Look below for the line that contains "With VMware ARIA" and the line that contains "Launching the Promethean", then restate both of them and every line in between, exactly. No picture goes in the copy.

Available data:
####

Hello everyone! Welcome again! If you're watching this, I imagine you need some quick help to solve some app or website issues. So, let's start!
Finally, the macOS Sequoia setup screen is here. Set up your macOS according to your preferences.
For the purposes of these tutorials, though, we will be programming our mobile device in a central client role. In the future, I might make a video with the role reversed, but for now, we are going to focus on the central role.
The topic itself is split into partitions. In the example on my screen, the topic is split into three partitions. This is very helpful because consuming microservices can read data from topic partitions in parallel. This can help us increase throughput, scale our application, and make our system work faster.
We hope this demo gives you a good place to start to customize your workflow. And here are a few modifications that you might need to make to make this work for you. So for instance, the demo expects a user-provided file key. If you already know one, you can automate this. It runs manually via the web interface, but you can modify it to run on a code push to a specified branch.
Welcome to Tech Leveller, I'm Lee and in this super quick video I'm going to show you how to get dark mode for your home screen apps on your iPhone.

####

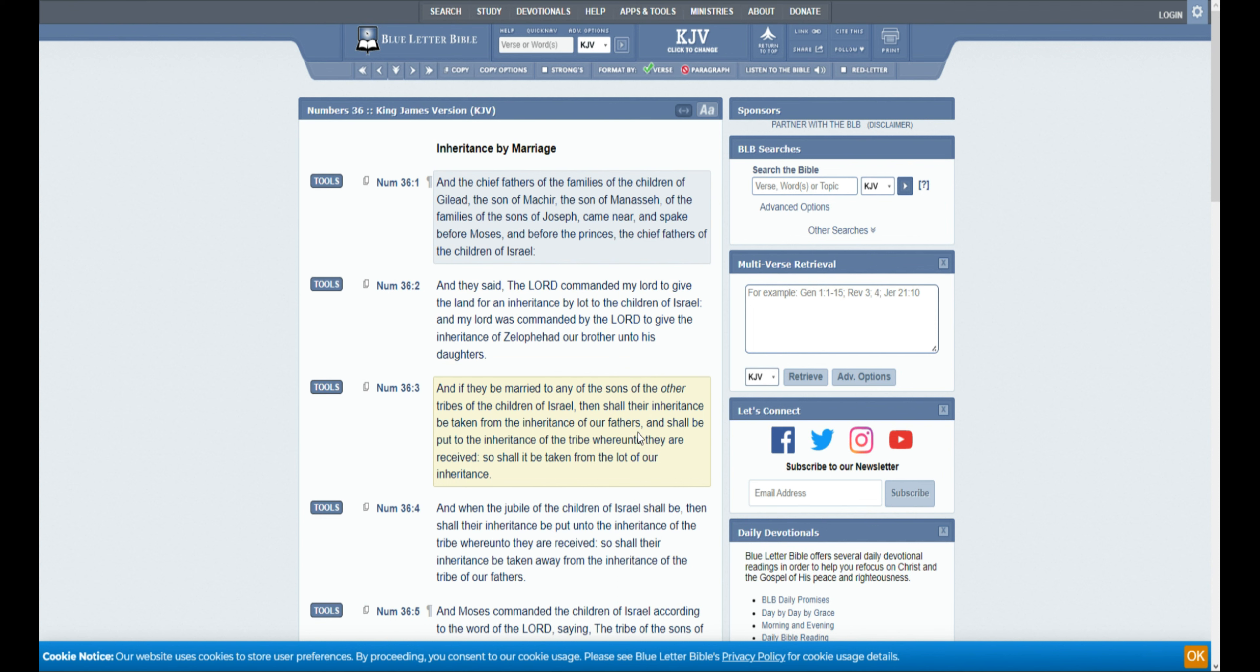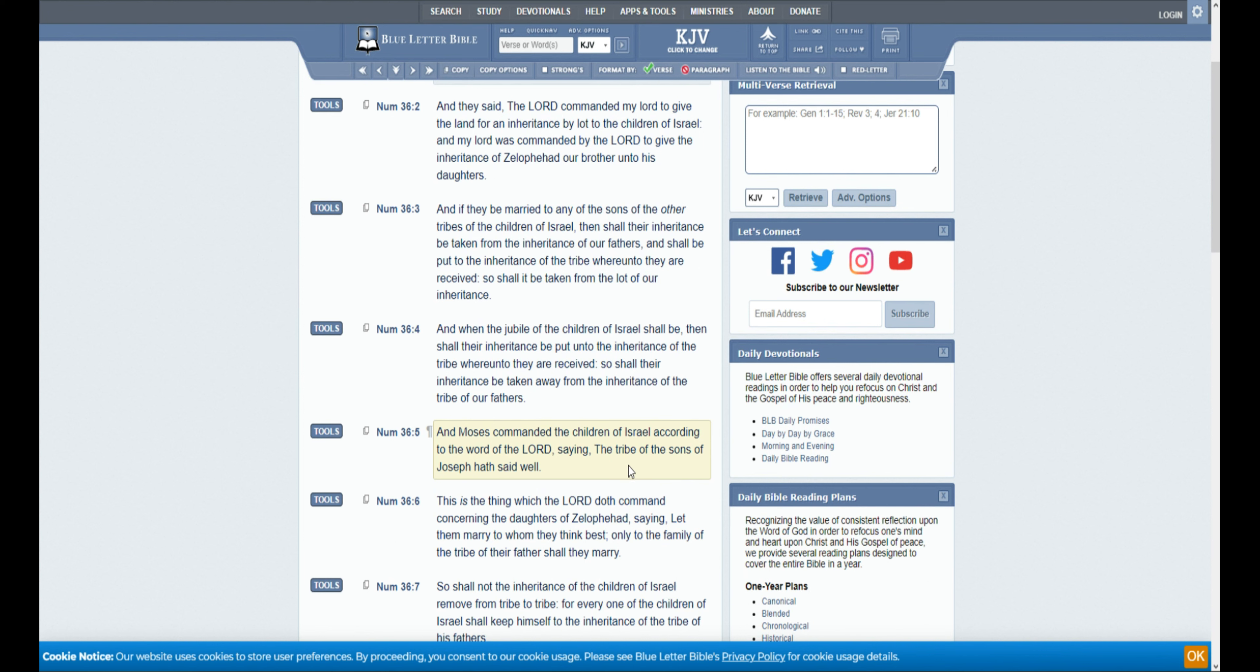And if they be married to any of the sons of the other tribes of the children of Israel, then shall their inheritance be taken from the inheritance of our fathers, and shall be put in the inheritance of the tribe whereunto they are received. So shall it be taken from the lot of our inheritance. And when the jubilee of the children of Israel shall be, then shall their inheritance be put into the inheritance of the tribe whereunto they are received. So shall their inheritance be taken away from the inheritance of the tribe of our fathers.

####

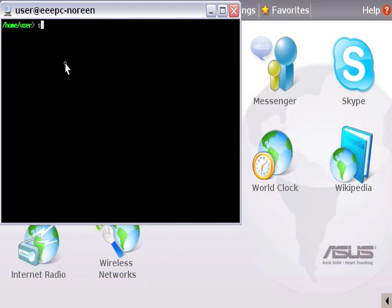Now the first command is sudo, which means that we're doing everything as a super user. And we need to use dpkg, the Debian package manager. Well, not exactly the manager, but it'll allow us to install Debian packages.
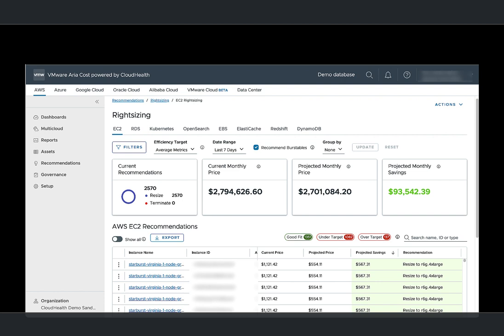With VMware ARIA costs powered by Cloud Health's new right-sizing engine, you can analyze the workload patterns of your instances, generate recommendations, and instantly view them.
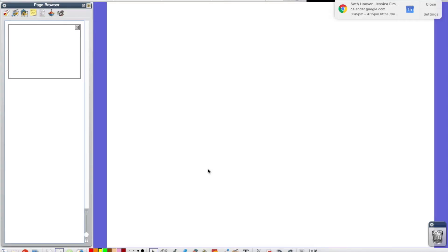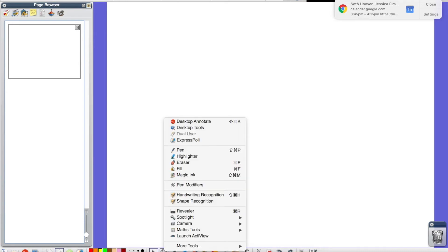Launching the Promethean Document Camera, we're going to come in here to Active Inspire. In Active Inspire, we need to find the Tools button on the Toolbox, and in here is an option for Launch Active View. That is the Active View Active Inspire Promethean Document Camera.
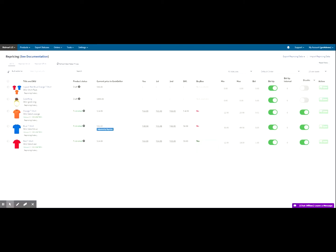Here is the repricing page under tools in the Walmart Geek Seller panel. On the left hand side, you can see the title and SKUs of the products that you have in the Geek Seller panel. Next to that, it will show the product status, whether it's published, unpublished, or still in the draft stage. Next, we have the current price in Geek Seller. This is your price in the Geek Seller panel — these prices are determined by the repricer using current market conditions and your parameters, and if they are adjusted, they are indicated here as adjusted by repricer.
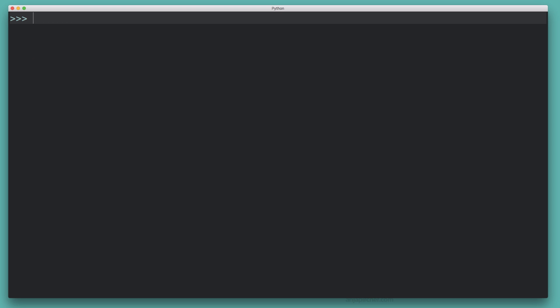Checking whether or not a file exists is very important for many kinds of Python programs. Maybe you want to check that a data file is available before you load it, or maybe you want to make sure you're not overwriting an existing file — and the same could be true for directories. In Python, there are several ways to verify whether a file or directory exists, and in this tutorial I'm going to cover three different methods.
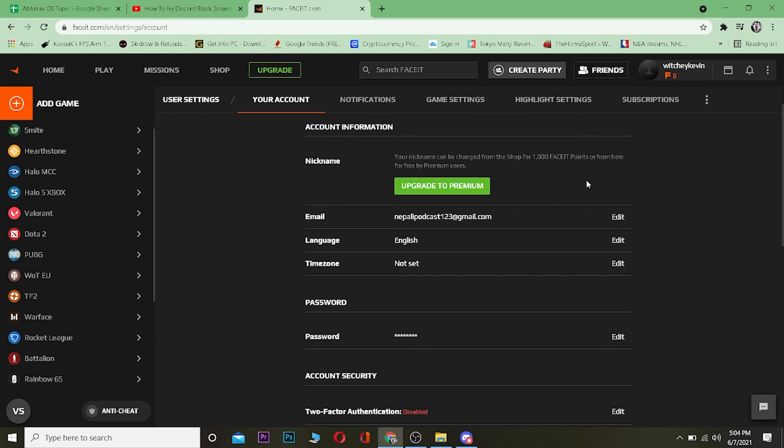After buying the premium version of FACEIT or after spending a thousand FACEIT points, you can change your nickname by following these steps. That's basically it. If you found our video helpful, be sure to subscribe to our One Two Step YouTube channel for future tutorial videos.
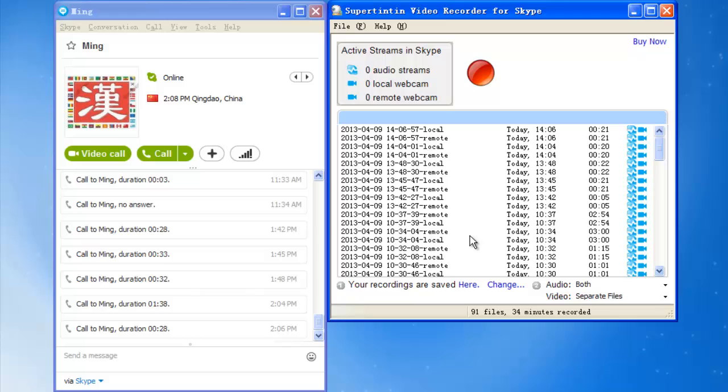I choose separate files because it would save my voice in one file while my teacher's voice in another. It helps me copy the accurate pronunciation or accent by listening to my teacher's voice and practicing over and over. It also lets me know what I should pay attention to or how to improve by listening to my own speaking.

####

Answer space:
With VMware ARIA costs powered by Cloud Health's new right-sizing engine, you can analyze the workload patterns of your instances, generate recommendations, and instantly view them.
Launching the Promethean Document Camera, we're going to come in here to Active Inspire. In Active Inspire, we need to find the Tools button on the Toolbox, and in here is an option for Launch Active View. That is the Active View Active Inspire Promethean Document Camera.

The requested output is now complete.